While the professional literature on imagery refers to successful uses with a wide variety of medical and psychological conditions, there are only a handful of studies that have looked specifically at diabetes. In a 1999 study, nurses Harriet Wichowski and Sylvia Kubsch reported that people with diabetes who listened to an imagery script designed to increase adherence to recommendations for blood glucose monitoring, exercise, weight management, and diet showed improvement in these areas. In a 1990 study, doctors at the State University of New York encouraged a small group of adolescents with diabetes, all of whom had a history of poor compliance with treatment, to visualize achieving personally meaningful life goals despite diabetes. For example, one teen imagined his future as a firefighter in colorful detail, right down to the feeling of riding on the back of a speeding fire engine and noticing details like the buttons on his coat. After engaging in this imagery, dramatic drops in HbA1c levels were noted in the group, indicating improved blood glucose control.
Forms of imagery
Imagery happens in our minds all the time; it is inherent to how we think and feel and part of what makes us who we are. “No one owns imagery,” Marielle Fuller, a famous practitioner and teacher of imagery at UCLA, used to say in response to those who might claim authorship. Individuals can feel free to experiment with imagery for themselves, but those who would like to facilitate imagery for others need to seek appropriate training.

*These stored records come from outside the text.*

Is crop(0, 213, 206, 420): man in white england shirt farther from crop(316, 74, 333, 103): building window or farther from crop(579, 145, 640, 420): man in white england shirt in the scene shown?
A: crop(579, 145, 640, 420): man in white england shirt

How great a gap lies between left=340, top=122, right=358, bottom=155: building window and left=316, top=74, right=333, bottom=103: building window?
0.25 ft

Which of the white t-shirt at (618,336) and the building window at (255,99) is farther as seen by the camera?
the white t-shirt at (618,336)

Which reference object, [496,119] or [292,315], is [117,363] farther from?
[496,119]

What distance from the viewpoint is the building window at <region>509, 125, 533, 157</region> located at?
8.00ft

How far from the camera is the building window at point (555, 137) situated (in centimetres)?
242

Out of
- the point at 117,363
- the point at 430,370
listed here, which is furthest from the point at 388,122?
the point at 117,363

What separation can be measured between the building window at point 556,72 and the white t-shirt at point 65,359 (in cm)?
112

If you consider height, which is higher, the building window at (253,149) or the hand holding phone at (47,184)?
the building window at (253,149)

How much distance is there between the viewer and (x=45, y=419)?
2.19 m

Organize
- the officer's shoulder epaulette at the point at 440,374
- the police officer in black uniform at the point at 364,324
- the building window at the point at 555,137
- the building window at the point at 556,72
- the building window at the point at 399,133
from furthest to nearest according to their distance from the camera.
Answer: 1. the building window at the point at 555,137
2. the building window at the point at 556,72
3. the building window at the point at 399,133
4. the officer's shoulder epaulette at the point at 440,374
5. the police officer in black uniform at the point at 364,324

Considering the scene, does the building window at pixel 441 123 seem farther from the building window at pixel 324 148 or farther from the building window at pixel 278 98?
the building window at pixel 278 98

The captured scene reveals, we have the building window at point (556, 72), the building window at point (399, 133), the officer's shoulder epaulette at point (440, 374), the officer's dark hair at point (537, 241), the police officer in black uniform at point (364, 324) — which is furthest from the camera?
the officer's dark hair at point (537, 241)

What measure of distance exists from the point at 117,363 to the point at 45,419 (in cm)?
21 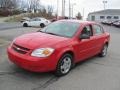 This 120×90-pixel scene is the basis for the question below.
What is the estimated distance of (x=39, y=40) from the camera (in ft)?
19.4

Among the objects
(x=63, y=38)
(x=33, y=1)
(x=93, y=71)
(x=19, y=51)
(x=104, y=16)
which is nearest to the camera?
(x=19, y=51)

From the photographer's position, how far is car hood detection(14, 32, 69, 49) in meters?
5.63

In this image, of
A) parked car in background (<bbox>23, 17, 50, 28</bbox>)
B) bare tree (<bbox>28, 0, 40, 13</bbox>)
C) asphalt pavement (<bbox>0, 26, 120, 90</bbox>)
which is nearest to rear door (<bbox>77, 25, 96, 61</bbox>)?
asphalt pavement (<bbox>0, 26, 120, 90</bbox>)

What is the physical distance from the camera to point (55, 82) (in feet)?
18.1

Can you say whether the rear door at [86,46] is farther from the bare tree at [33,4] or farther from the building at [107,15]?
the bare tree at [33,4]

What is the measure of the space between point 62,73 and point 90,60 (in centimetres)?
228

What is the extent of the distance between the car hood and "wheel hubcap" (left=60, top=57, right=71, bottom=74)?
551 mm

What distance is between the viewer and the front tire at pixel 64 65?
232 inches

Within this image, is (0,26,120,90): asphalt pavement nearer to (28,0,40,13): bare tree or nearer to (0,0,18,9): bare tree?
(0,0,18,9): bare tree

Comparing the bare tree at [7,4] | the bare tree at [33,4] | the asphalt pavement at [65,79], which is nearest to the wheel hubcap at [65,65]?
the asphalt pavement at [65,79]

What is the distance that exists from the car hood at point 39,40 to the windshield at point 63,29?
38 centimetres

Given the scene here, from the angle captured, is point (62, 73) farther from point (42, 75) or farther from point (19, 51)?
point (19, 51)

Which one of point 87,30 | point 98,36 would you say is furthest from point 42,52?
point 98,36

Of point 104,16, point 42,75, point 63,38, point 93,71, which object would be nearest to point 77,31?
point 63,38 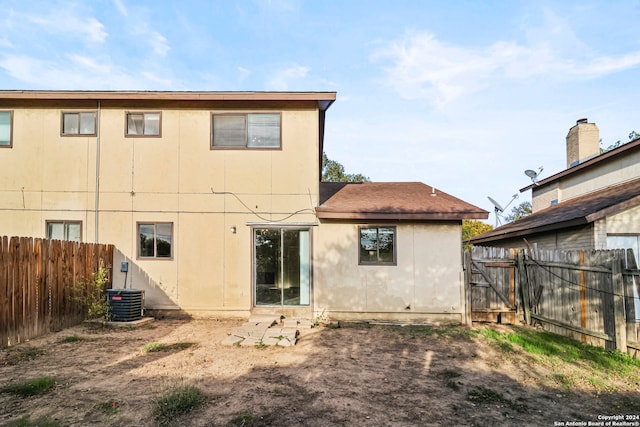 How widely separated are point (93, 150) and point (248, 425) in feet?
31.0

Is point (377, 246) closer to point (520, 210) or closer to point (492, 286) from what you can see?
point (492, 286)

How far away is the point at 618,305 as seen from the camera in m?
6.32

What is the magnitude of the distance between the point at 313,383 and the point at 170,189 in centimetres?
712

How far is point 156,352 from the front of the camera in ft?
21.4

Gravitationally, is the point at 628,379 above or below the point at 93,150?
below

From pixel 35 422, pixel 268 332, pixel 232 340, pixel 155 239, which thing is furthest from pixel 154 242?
pixel 35 422

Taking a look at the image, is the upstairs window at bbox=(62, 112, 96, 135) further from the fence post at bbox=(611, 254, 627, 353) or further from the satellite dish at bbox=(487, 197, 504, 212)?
the satellite dish at bbox=(487, 197, 504, 212)

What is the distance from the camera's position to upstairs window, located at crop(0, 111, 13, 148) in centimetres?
1012

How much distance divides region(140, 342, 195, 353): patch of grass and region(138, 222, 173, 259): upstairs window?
327 cm

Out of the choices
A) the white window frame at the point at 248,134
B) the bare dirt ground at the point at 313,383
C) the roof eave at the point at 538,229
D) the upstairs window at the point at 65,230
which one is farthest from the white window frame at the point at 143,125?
the roof eave at the point at 538,229

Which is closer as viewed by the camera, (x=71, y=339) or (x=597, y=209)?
(x=71, y=339)

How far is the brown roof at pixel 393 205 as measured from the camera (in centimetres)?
928

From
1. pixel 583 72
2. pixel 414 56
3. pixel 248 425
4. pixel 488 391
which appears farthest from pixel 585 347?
pixel 583 72

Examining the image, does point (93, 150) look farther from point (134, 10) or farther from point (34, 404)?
point (34, 404) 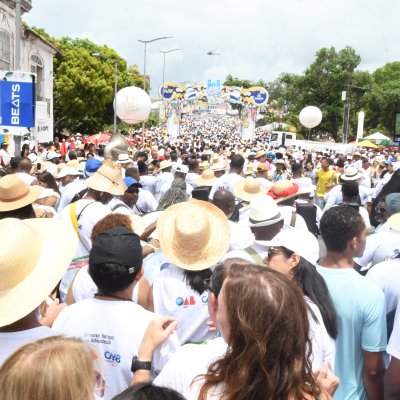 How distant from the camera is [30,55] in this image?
28625 mm

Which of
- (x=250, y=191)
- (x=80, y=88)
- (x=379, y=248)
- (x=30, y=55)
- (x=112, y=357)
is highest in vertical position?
(x=30, y=55)

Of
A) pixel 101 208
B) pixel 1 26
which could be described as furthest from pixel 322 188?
pixel 1 26

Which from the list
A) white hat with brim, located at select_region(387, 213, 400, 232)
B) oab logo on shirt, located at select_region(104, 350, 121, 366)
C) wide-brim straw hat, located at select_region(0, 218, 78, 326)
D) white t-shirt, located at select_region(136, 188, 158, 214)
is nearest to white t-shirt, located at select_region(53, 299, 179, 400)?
oab logo on shirt, located at select_region(104, 350, 121, 366)

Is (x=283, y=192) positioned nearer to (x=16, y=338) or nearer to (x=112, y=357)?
(x=112, y=357)

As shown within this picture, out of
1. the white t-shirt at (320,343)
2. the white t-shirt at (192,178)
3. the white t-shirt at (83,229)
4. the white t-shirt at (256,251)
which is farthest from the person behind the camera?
the white t-shirt at (192,178)

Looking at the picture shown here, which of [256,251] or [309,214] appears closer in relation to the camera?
[256,251]

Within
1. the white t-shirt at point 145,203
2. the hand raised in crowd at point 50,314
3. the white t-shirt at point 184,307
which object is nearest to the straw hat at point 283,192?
the white t-shirt at point 145,203

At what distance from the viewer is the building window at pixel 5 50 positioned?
23.4 metres

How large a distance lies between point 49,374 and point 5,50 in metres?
25.2

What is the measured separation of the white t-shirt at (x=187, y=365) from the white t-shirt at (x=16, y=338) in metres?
0.61

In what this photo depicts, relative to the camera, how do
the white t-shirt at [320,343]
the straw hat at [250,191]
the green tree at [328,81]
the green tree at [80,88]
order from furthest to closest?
the green tree at [328,81]
the green tree at [80,88]
the straw hat at [250,191]
the white t-shirt at [320,343]

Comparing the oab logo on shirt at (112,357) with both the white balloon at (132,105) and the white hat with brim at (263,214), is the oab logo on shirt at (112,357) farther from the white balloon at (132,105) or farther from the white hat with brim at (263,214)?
the white balloon at (132,105)

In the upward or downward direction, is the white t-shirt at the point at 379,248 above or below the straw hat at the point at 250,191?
below

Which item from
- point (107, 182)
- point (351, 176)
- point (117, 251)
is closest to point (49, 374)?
point (117, 251) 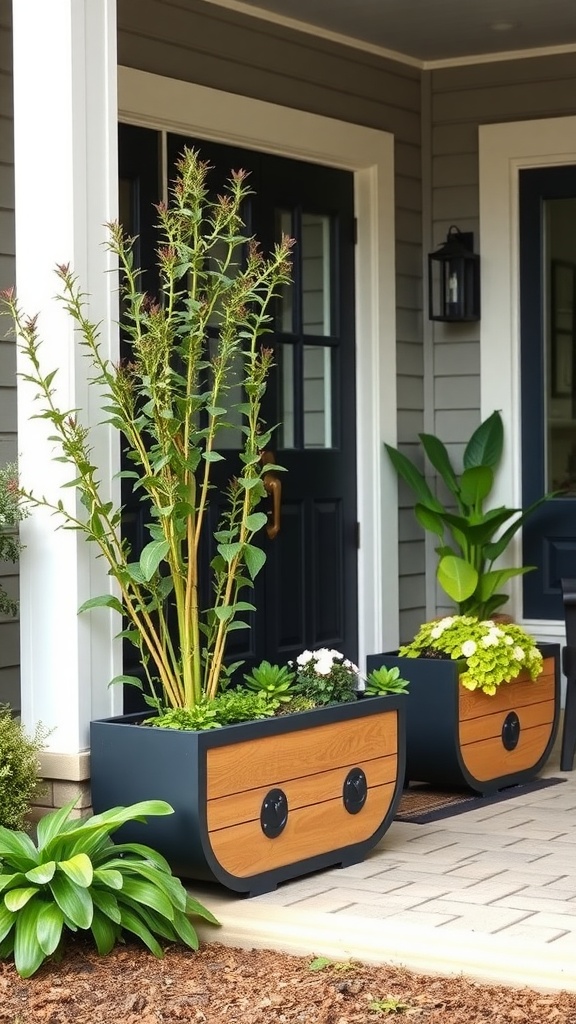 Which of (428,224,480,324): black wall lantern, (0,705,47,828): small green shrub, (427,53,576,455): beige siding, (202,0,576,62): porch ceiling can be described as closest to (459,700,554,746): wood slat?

Researching imagery is problematic because of its varied forms; no one is exactly sure which one will work best in a given situation. Imagery is commonly used both in individual sessions and in groups, with or without an audiotape, and with or without a trained facilitator present.
And then there are different methods for the imagery itself. Each of the following methods requires that the participant relax in a comfortable position with the head supported, in a place free of interruptions. Ample time is required to get the maximum benefit from imagery, since this requires several integral phases, as noted by psychologist Jonathan C. Smith. These phases are withdrawal (from the physical world), release (from everyday burdens and analytical thinking), recovery (from fatigue and tension), and opening up (back to the physical world, renewed and refreshed). Half an hour is ideal for this process.
Evocative imagery. Evocative imagery allows images to arise spontaneously. Begin by identifying a desired state, close your eyes, and then allow an image to form that represents that state. You might search for an image that represents calm, relaxation, peace, joy, love, or — an important one for people with diabetes — acceptance. Remain open to whatever form the image takes. Sometimes images seem so ordinary that the journeyer (a common term for someone engaged in imagery) doubts the image is valid, but the subconscious always picks the “right” image. Ocean waves are a common image, but the family dog or the quiet of a bedroom are also common. The key to any image is to “entertain” it for a long time: to explore it with curiosity, engaging the image fully into the psychosomatic network by noticing smell, sound, movement, color, texture, and taste.